OK I have asked the manufacturers at several different CAI companies, and none of them can give me a straight answer. So I am coming to a more knowlegable group. Here we go......

I have the 05 GTO with a K&N CAI, I also have the 06 Chevy Lumina SS AKA the Arabian GTO.... BUT here is the difference, instead of the LS2 it comes with the 5.7L (not sure if it is the LS1) engine. The engine compartments are exactly the same, down to the fuel rail covers... My question is, would the LS1 CAI for the 5.7L engine fit on this engine and this compartment? 

As far as I can tell there is absolutely no difference, I have stared at pictures of my Goat for hours on end trying to see if there is.... If anyone can lend some advice or impart some knowledge on this I would really appreciate it....

:cheers :cheers :cheers


----------



## 6QTS11OZ (Mar 27, 2005)

Do you have any pictures of your Lumina SS engine compartment? Based on your own observation of both engine compartments, I'll gamble and say, yes it will fit. Maybe you can email photos of your Lumina SS's engine compartment to K&N tech support and see what they have to say.


----------



## MSTNGKILLA (Jul 27, 2006)

It would be very easy to make fit, it schould work just fine on any v8 as long as it fit's in the compartment!


----------



## raven1124 (Sep 23, 2005)

I don't think it will. The intake on the LS1 is different than the intake on the LS2. I think the LS1 has a 75mm TB while the LS2 has a 90mm plus the angle of the LS2 throttle body is different than the LS1.


----------



## aintmisbehavinn (Feb 9, 2006)

I never saw a Lumina with a V8. Is it RWD? Do you have pics? Never heard of one, sure would like to catch a glimpse. The wife has a 98 Autobahn Aurora with the Northstar 4L all aluminum DOHC V8. I have hit a warp speed of 140 (speed limiter, or govenment governor). The car is extremely fast and smooth, more of a ladies caddy.


----------



## purplehaze (Dec 27, 2005)

aintmisbehavinn said:


> I never saw a Lumina with a V8. Is it RWD? Do you have pics? Never heard of one, sure would like to catch a glimpse. The wife has a 98 Autobahn Aurora with the Northstar 4L all aluminum DOHC V8. I have hit a warp speed of 140 (speed limiter, or govenment governor). The car is extremely fast and smooth, more of a ladies caddy.

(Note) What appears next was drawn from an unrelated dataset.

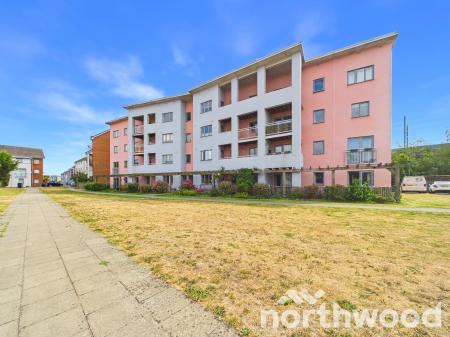 2 bedroom Apartment for sale in Drummond Grove, Willesborough, Ashford, TN24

I will be putting some pictures up in the next few days.... It is basically the exact same as the 05/06 GTO except the front grill. The grill is a little smaller and has a Chevy emblem on it.... The rear is exactly the same... interior same, the instrument panel is of course different to accomodate the Kilometers per hour instead of MPH... but I will get some pictures and post them ASAP.


----------



## fergyflyer (Apr 18, 2005)

If you buy a CAI for an 04, it would be more likely to fit. If it doesn't there is always the fernco trick. A fernco is a rubber sleeve that you can get in a plumbing store, hardware store, ar most building supply dealers. It is somewhat flexible and has to hose clamps, one on either end, and is designed to allow two different types of tubes to be connected together. In plumbing it's usually terra-cotta to plastic or metal, or plastic to metal. You could then use the fernco to connect the output from the CAI to the throttle body/mass airflow sensor. 
On F-bodies they had an accordian type connector from the mass airflow sensor to the throtle body and it caused turbulence and reduced airflow. switching from the accordian connector to a fernco was worth 3-5 rwhp. Just an idea if you buy a CAI and it doesn't quite fit.


----------